2.6. Zie ook hof Amsterdam 2 maart 1995, BIE 1997, 73. Het hof toetste of in het gegeven geval, ondanks een toevoeging, de rectificatie juist was uitgevoerd (in welke toetsing besloten ligt dat bepaalde toevoegingen niet toelaatbaar zijn). Het hof was van oordeel dat niet was komen vast te staan dat de veroordeelde in gebreke was gebleven:
"4.24. Aan New Bo's kan worden toegegeven dat aan de in eerste instantie gelaste rectificatie op de door haar aangegeven gronden gestalte is gegeven op een manier, die als minder wenselijk moet worden aangemerkt. Met name door de begeleidende brief, waarin de geadresseerde wordt medegedeeld dat hoger beroep tegen het vonnis is ingesteld waarin de rectificatie is gelast en dat een uitspraak over ongeveer vier weken is te verwachten, wordt aan het effect van de rectificatie inderdaad tot op zekere hoogte afbreuk gedaan, waarmee FBN zich op de rand van het toelaatbare begeeft.
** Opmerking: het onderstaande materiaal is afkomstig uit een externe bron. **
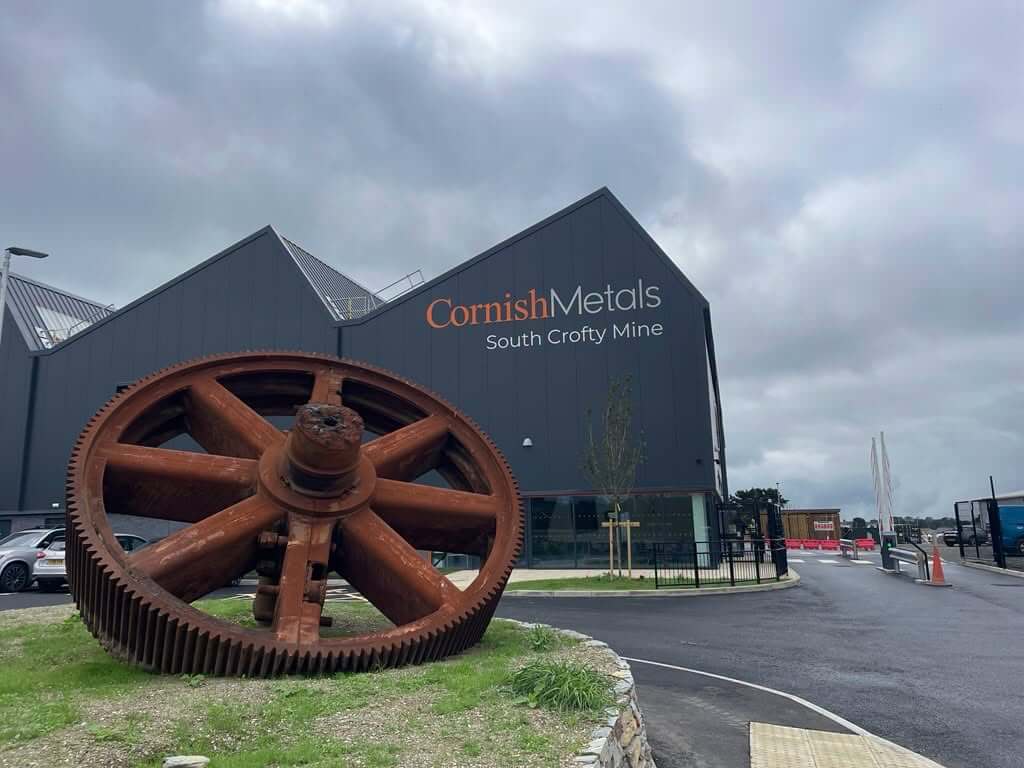 Cornish Metals South Crofty Mine building with a giant rusted gear wheel outside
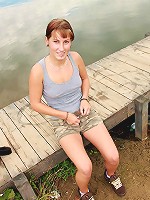 Teen near a lake pleasures cooch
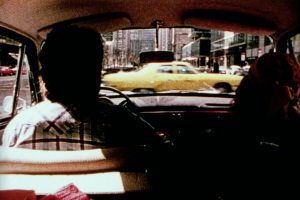 Silhouette of a man driving, with a woman seated on his right. A yellow NYC taxi drives past, visible through the windshield.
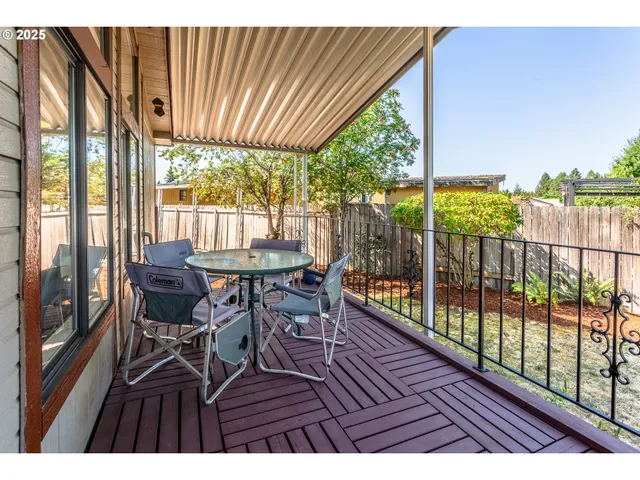 a view of a patio with table and chairs with wooden floor and fence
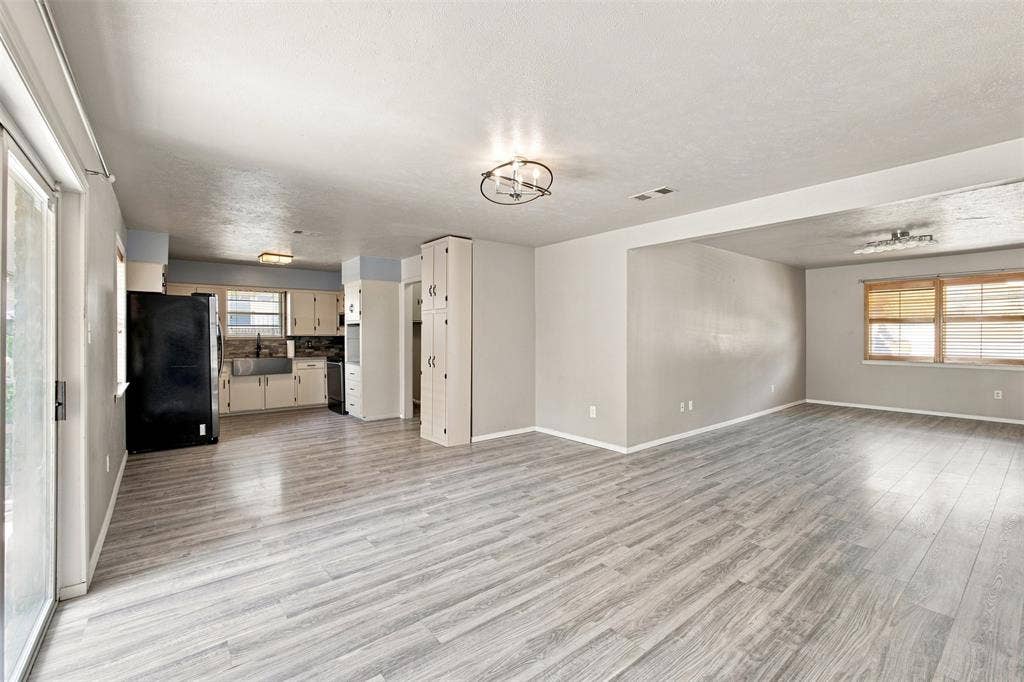 2022 Normandy Drive, Irving, TX 75060 Expansive living area with wood-finish flooring, recessed lighting, and a modern ceiling fixture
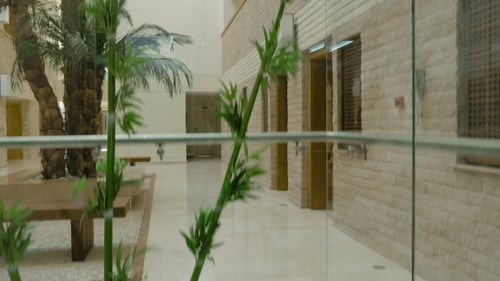 An Elevator Is Going Up In Building Interior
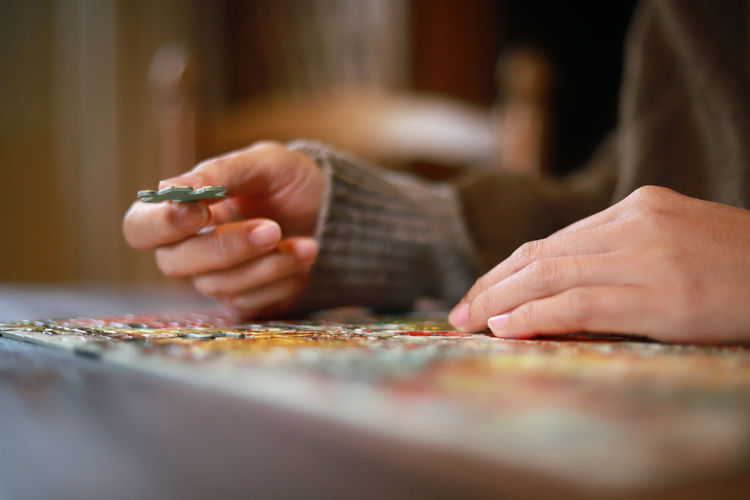Midsection of woman playing puzzle on table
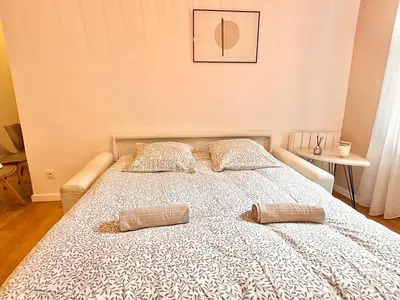 a bedroom with a bed with two pillows on it at Le Palme d'Or, 3 pièces - impasse privée - 7 pers in Cannes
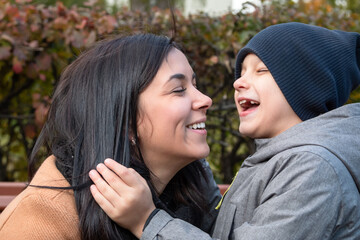 Young mom with her son hug on the bench.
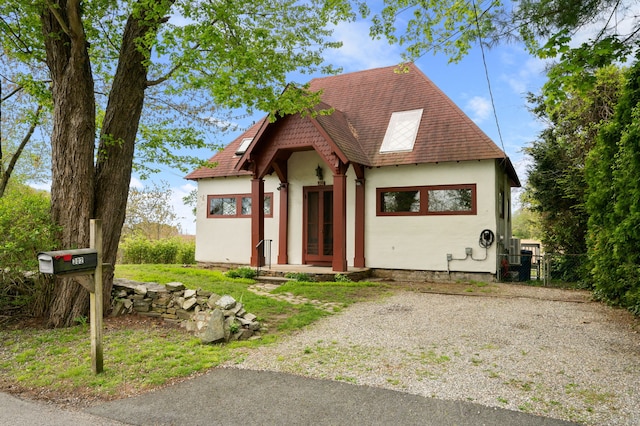 302 Ferry Rd, Old Lyme, CT 06371 - view of front of property featuring stucco siding and roof with shingles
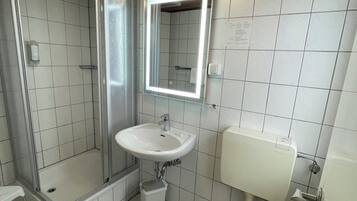 Un baño con ducha, lavamanos, inodoro y espejo.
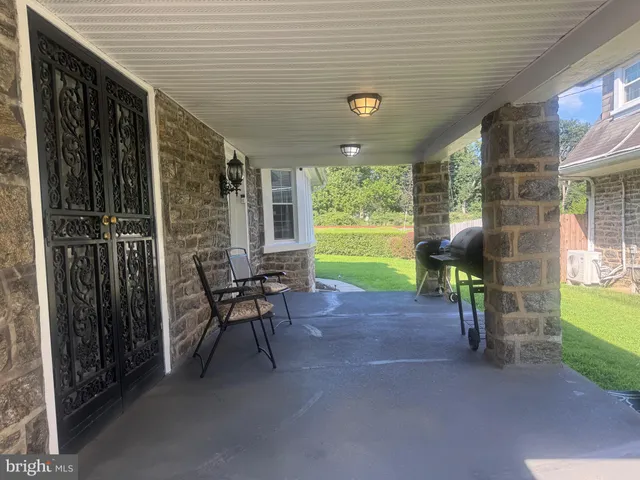 a view of a porch with furniture and a backyard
4.25. Aangezien deze brief zich echter hiertoe beperkt en de tekst van de rectificatie op zichzelf correct wordt weergegeven, is in dit kort geding toch voorshands onvoldoende komen vast te staan dat FBN in gebreke is gebleven overeenkomstig het bevel van de president te handelen. (...)"(11)
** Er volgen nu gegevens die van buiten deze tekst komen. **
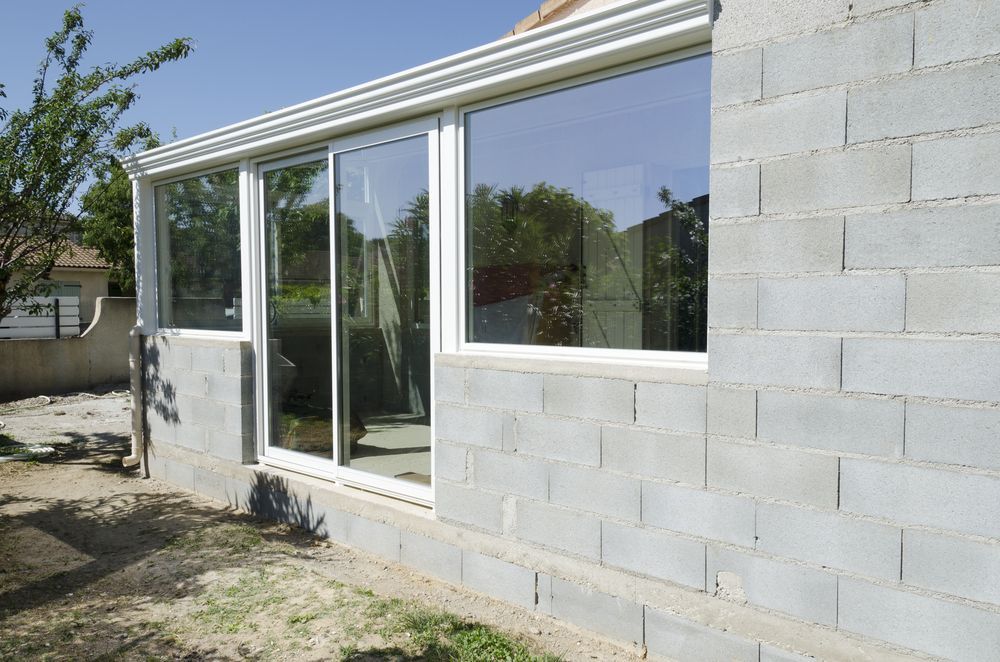 A Brick Building With A Sliding Glass Door And Windows — A & C Classic Window Tinting In Maitland Vale, NSW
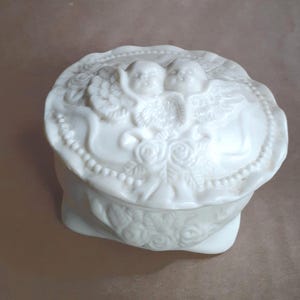 May include: A white ceramic trinket box with a lid featuring two cherubic figures with wings. The box has a beaded edge and rose details. The overall design is ornate and decorative.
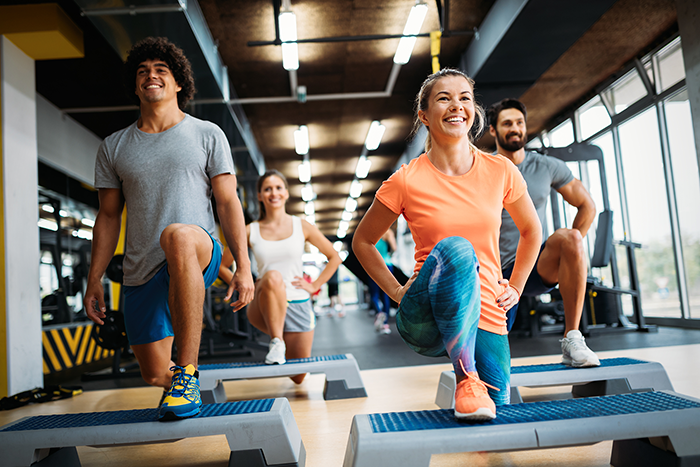 Vier Personen machen Step-Aerobic-Übungen im Fitnessstudio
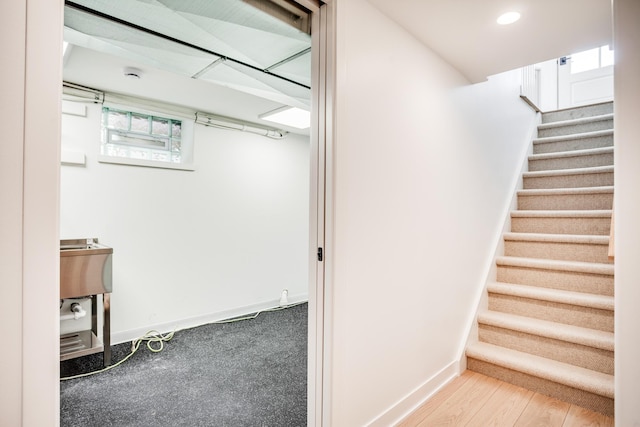 stairs featuring wood finished floors, recessed lighting, and baseboards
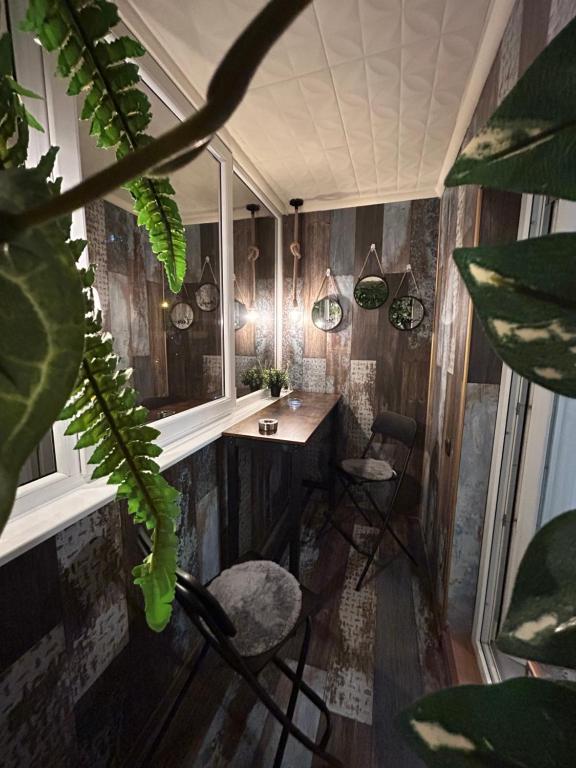 a room with a table and chairs and plants at Sara Suite in Sibiu
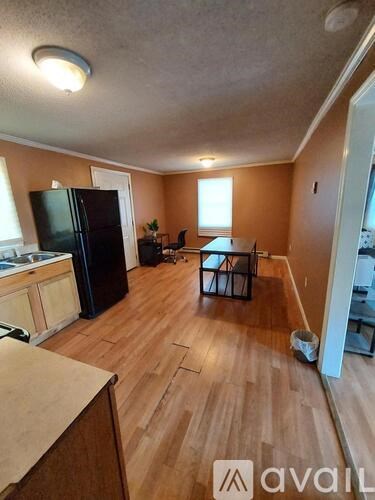 A kitchen with a black fridge and wooden floors.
2.7. Voorts kan worden gewezen op het geval waarin een columnist wegens belediging van een scheidsrechter was veroordeeld tot het plaatsen van een rectificatie in het sportkatern van het desbetreffende dagblad(12). Daags na de publicatie van de desbetreffende rectificatie schreef hij een nieuwe column, bestaande uit strafregels, namelijk 54 maal de regel: 'ik mag niet kwetsen en grieven', gevolgd door de zin: "(en stel voor weer over te gaan tot de orde van de dag)". Schuijt bespreekt de vraag of juridische actie tegen deze tweede column mogelijk zou zijn geweest en concludeerde(13):
"De rechter had de rectificatie bevolen zonder de toevoeging, dat de krant zich van commentaar zou moeten onthouden. Een dergelijke toevoeging is door de Hoge Raad toelaatbaar geacht, omdat dat geen afbreuk zou doen aan de vrijheid van meningsuiting elders (...). Als men al een dergelijk verbod aan de rectificatie zou willen verbinden, zou mijn voorkeur uitgaan naar een formulering die de vrijheid van meningsuiting explicieter sauveert, bijvoorbeeld die van Pres. Rb. Amsterdam 7 februari 1980 (niet gepubliceerd): 'zonder enige toevoeging, bespreking of beschouwing van zodanige aard dat het doel of de strekking van dit vonnis zou worden aangetast.' Men kan zich zelfs afvragen of een dergelijk verbod eigenlijk wel nodig is. Het is immers vanzelfsprekend dat men het vonnis waarbij men veroordeeld wordt tot een rectificatie, zodanig behoort uit te voeren dat er geen afbreuk aan wordt gedaan (...). Of in casu de strafregels van de columnist een dag ná het plaatsen van de rectificatie inderdaad zodanig afbreuk aan de rectificatie hebben gedaan, dat zij onrechtmatig jegens de scheidsrechter waren, betwijfel ik. Onsportief is nog niet onrechtmatig. (...)"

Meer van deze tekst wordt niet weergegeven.